§ **YOUR INSTRUCTIONS**: Please give again, word for word, each line that falls between the line with "арнайы келді (ВИДЕО)" and the end of the data, inclusive.

START EXCERPTED RECORDS

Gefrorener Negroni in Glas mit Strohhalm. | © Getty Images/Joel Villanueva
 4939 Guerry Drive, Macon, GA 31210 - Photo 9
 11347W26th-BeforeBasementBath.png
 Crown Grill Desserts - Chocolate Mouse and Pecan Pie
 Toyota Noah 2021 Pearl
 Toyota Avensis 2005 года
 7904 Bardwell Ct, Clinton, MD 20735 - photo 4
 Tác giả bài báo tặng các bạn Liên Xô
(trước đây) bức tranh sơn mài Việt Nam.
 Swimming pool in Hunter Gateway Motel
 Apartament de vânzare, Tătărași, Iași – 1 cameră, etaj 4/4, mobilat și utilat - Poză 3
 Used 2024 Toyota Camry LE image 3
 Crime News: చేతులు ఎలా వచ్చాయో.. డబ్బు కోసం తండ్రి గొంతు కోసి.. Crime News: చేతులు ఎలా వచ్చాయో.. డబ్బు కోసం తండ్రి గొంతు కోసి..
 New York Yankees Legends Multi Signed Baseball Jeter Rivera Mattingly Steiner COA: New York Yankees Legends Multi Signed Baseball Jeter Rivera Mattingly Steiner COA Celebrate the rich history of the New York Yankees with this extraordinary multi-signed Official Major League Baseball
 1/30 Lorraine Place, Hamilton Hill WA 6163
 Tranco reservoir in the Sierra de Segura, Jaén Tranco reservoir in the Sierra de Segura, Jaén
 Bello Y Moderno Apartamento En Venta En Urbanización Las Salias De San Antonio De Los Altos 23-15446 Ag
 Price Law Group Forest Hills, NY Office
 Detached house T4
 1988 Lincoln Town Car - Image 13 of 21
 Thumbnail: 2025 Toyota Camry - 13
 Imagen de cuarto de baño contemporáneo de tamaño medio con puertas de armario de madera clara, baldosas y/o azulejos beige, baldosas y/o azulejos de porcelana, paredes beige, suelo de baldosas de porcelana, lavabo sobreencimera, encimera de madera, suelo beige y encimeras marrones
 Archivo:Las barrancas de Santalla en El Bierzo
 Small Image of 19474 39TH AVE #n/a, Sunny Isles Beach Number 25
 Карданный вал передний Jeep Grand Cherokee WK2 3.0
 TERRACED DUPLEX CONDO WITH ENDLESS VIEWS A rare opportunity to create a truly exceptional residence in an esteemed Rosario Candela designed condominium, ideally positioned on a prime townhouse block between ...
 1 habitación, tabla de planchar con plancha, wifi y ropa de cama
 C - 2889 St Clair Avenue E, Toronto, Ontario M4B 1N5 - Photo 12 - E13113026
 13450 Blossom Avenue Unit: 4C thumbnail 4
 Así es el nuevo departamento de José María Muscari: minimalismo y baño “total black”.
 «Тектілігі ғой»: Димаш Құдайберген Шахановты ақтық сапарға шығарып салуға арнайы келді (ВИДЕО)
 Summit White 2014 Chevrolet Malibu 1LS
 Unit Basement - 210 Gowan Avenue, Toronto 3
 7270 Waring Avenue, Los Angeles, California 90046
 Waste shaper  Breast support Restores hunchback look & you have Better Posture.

END EXCERPTED RECORDS

§ **WRITTEN SOLUTION**:
 «Тектілігі ғой»: Димаш Құдайберген Шахановты ақтық сапарға шығарып салуға арнайы келді (ВИДЕО)
 Summit White 2014 Chevrolet Malibu 1LS
 Unit Basement - 210 Gowan Avenue, Toronto 3
 7270 Waring Avenue, Los Angeles, California 90046
 Waste shaper  Breast support Restores hunchback look & you have Better Posture.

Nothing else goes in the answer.